── Records

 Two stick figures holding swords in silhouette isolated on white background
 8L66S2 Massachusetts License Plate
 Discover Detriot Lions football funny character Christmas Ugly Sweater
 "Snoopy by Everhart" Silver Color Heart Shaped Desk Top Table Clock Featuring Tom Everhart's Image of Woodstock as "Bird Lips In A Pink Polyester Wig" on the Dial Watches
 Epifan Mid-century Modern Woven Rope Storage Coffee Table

────
── Records

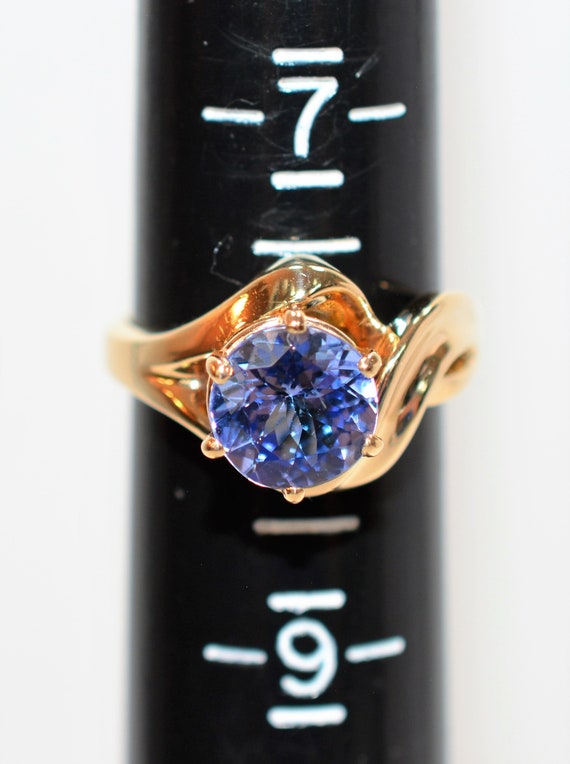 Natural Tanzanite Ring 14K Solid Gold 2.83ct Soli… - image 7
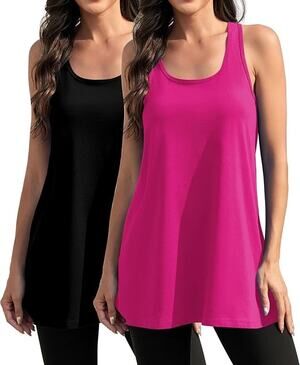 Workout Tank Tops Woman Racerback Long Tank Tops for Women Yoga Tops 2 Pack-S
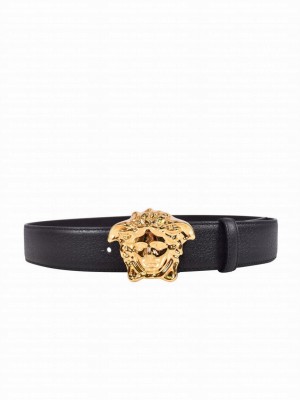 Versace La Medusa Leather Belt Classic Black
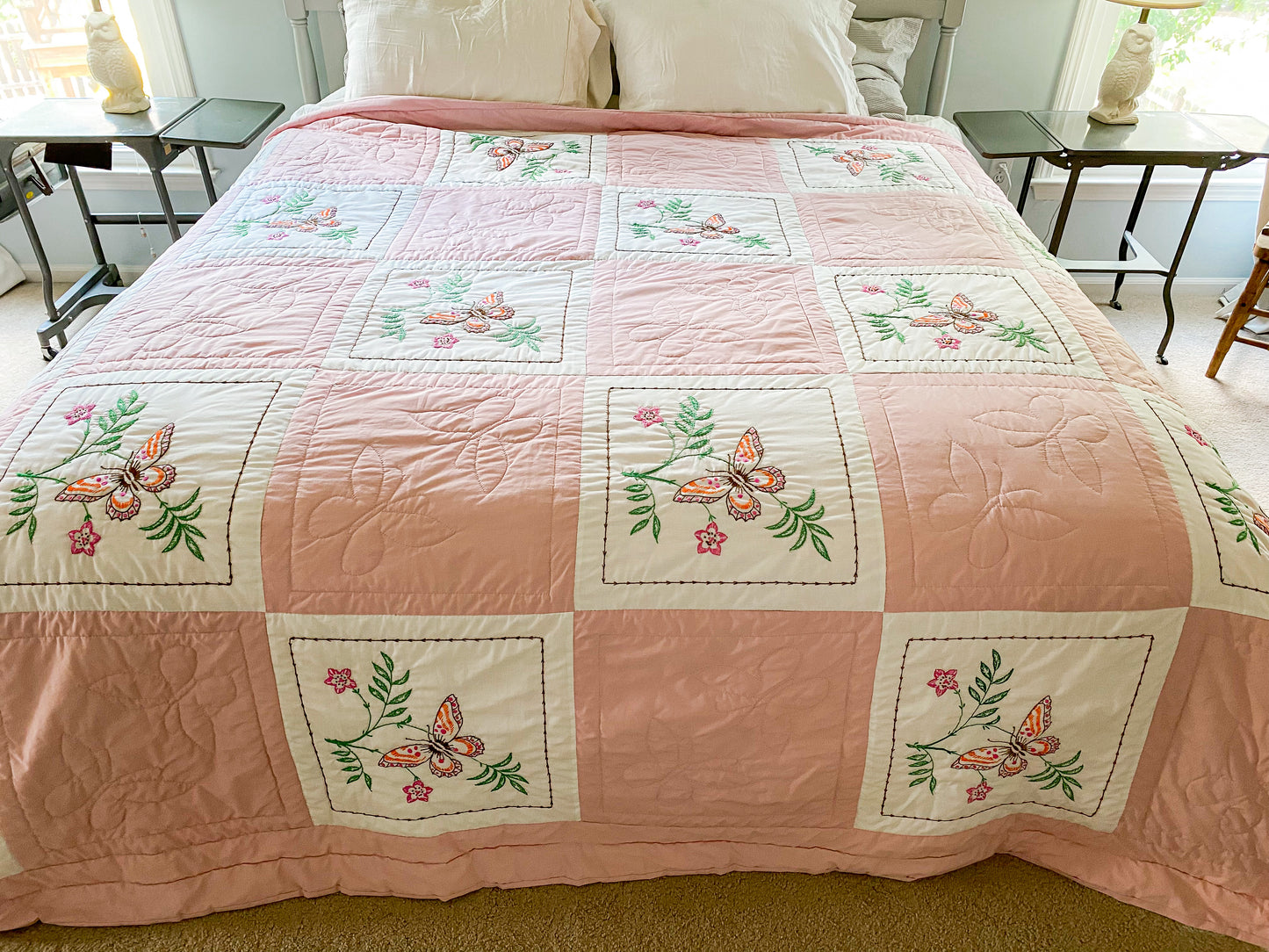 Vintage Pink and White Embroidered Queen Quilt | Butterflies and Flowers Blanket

────
── Records

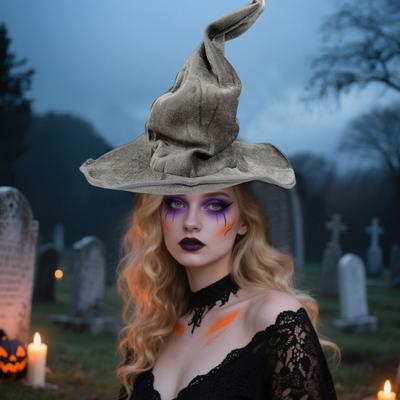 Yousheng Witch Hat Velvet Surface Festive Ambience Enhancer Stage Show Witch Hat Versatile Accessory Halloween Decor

────

- [Exercise brief] Your answer must consist solely of the lines above between the line holding "Two stick figures" and the line holding "the Dial Watches", inclusive, copied exactly.

- [Task result]
 Two stick figures holding swords in silhouette isolated on white background
 8L66S2 Massachusetts License Plate
 Discover Detriot Lions football funny character Christmas Ugly Sweater
 "Snoopy by Everhart" Silver Color Heart Shaped Desk Top Table Clock Featuring Tom Everhart's Image of Woodstock as "Bird Lips In A Pink Polyester Wig" on the Dial Watches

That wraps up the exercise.